Abstract

Ultrastructural analysis of cells in the cochlea's lateral wall was undertaken to investigate morophologic features relevant to the route of K + cycling from organ of Corti (OC) to stria vascularis (StV) and to the question of a transcellular versus an extracellular path. The fine structure of outer sulcus cells (OSCs) evidenced their capacity for uptake of K + from Claudius cells and from perilymph in inferior spiral ligament. Plasmalemmal amplification and mitochondrial density together with known content of Na,K-ATPase testified to activity of type II, IV and V fibrocytes in resorbing K +. Location and fine structure afforded a basis for distinguishing subtypes among the type I, II and IV cells. The type 11, IV and V fibrocytes can be viewed as drawing K + from surrounding perilymph and from OSCs and generating an intracellular downhill diffusion gradient for K + flow through gap junctions to subtype Ib and la fibrocytes and strial basal cells.
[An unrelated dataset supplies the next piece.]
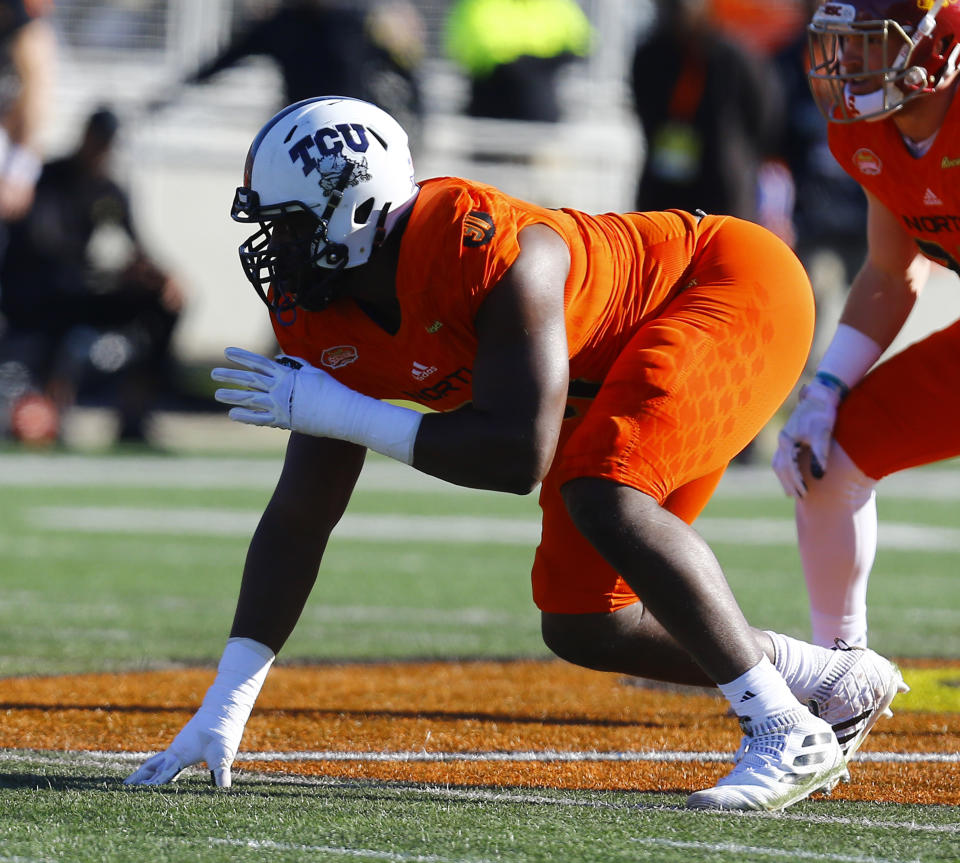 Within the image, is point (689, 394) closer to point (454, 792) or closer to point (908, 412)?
point (908, 412)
Pumping action enabled by extreme structural specialization of type II fibrocytes is considered to mediate K + translocation across the interruption between the gap junction connected epithelial and gap junction connected fibrocyte systems and to explain ion flow directed toward StV through OSCs and fibrocytes despite their lack of polarity. The OSC bodies shrank, their root bundles expanded and the gap junction contact between OSCs and Claudius cells increased toward the base of the cochlea. Expanding root bundles and type I and IIb fibrocyte populations contrasted with shrinking OHCs and Deiters and tectal cells from the apex to the base of the cochlea. These differences indicated an increased magnitude and alternate route of K+ transport toward the StV in high as compared to low-frequency regions. The augmented K + transport through spiral ligament in basal cochlea correlates with and provides a possible basis for the larger endocochlear potential in the base. The findings appear consistent with current flow extracellularly through scalae tympani and vestibuli and transcellularly through OC, OSCs and class I, II, IV and V fibrocytes.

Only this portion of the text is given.